So we are still way above the minimum acceptance grade of 26%Cu, but we have added 184tpd x 2.53%Cu = 4.6 additional tones of copper per day. That’s around US$38000 worth!

It sounds pretty good so far, but it doesn’t stop there. Whether through daily operational glitches or fluctuations in ore feed grade, the flotation plant concentrate grade will also fluctuate. It will exhibit the peaks and troughs that all superintendants know only too well. The same concentration method that we applied to scavenge values from the tailings can also be applied to separate out a super high grade concentrate from the flotation concentrate, a cleaner-cleaner step if you like. The peaks can then be used to supplement the troughs in concentrate grade such that the blend with the concentrate scavenged from the tails always achieves the desired overall minimum grade. In times of high grade feed to the plant It may even be possible to relax the scavenger conditions further to add even more tonnes of daily copper.

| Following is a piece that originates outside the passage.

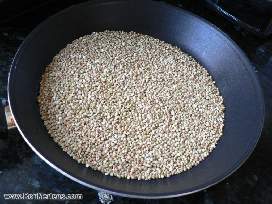 Buckwheat in pan, yum!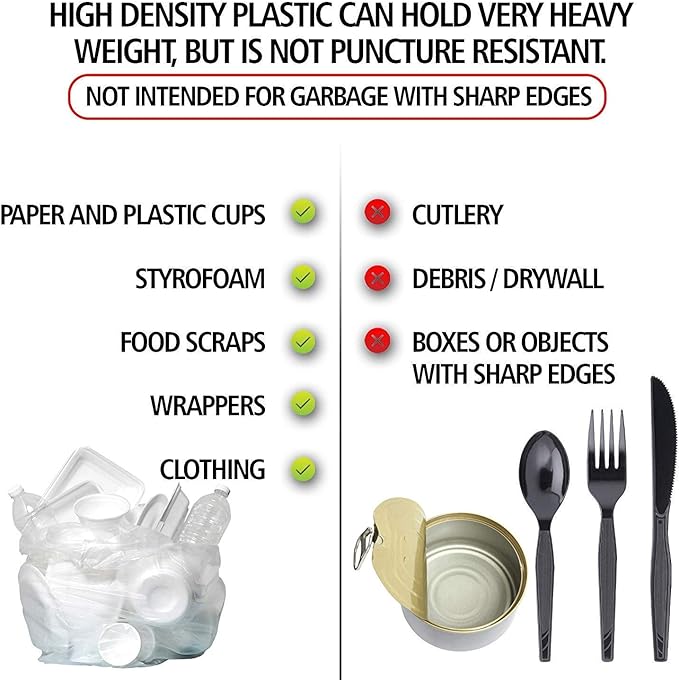 Aluf Plastics High Density Trash Bags, 56 Gallon, 600 Count, 22 Micron (eq), 43" x 48", Clear, for Bathroom, Office, Industrial, Commercial, Janitorial, Municipal, Recycling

So in summary, two relatively small and simple Knelson CVD concentrators, working quietly at either end of the flotation plant end up bringing huge potential benefits. It’s like a synergistic feedback loop to push that curve closer to the theoretical maximum.

Here is a prediction for you: a blending department is going to become a very important feature of process plants, it just makes too much sense to ignore. And yes, you may have guessed, those numbers are not that hypothetical after all, we are working on real plant trials at this very moment – I’ll keep you informed!